I've had a few discussions with others recently who are thinking of
adding merge like functionality, where you would upload all changes to a
temp table and then in one scan/transaction apply those changes. This
is a common way to handle these situations for data warehouses, and is
much easier than adding a primary key concept to Hive.
Alan.
Elliot West <mailto:tea...@gmail.com>
March 26, 2015 at 14:08
Hi,
I'd like to ascertain if it might be possible to add 'update' and
'delete' operations to the hive-hcatalog-streaming API. I've been
looking at the API with interest for the last week as it appears to
have the potential to help with some general data processing patterns
that are prevalent where I work. Ultimately, we continuously load
large amounts of data into Hadoop which is partitioned by some time
interval - usually hour, day, or month depending on the data size.

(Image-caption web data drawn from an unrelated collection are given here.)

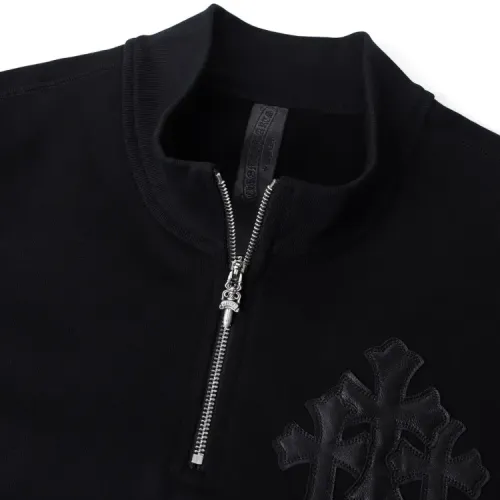 Replica Chrome Hearts Hoodies Long Sleeved For Unisex #1413441 $92.00 USD for Wholesale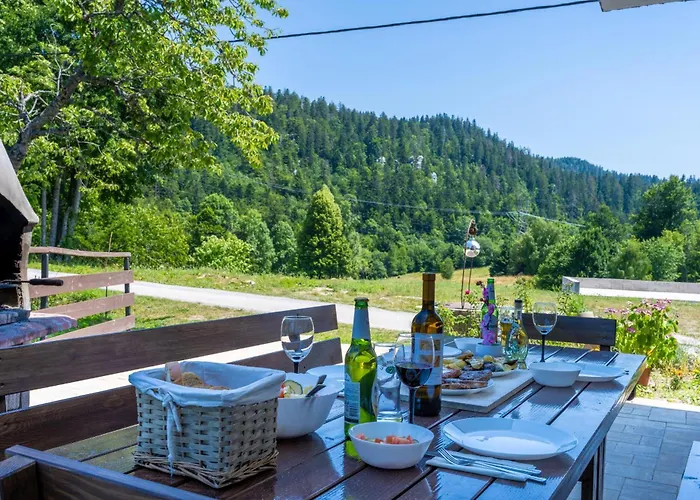 Villa Mountain Escape House With Indoor Pool Fužine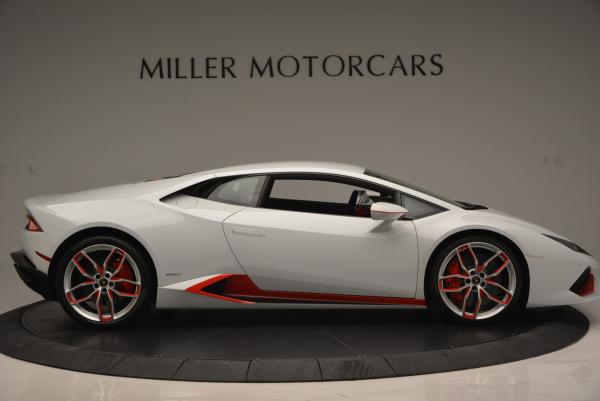 Used 2015 Lamborghini Huracan LP610-4 for sale Sold at Alfa Romeo of Greenwich in Greenwich CT 06830 11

However, the records that reside in this data can change. We often
receive some new information that mutates part of an existing record
already stored in a partition in HDFS. Typically the amount of
mutations is very small compared to the number of records in each
partitions.
To handle this currently we re-read and re-write all partitions that
could potentially be affected by new data. In practice a single hour's
worth of new data can require the reading and writing of 1 month's
worth of partitions. By storing the data in a transactional Hive table
I believe that we can instead issue updates and deletes for only the
affected rows. Although we do use Hive for analytics on this data,
much of the processing that generates and consumes the data is
performed using Cascading. Therefore I'd like to be able to read and
write the data via an API which we'd aim to integrate into a Cascading
Tap of some description. Our Cascading processes could determine the
new, updated, and deleted records and then use the API to stream these
changes to the transactional Hive table.
We have most of this working in a proof of concept, but as
hive-hcatalog-streaming does not expose the delete/update methods of
the OrcRecordUpdater we've had to hack together something unpleasant
based on the original API.
As a first step I'd like to check if there is any appetite for adding
such functionality to the API or if this goes against the original
motivations of the project? If this suggestion sounds reasonable then
I'd be keen to help move this forward.
Thanks - Elliot.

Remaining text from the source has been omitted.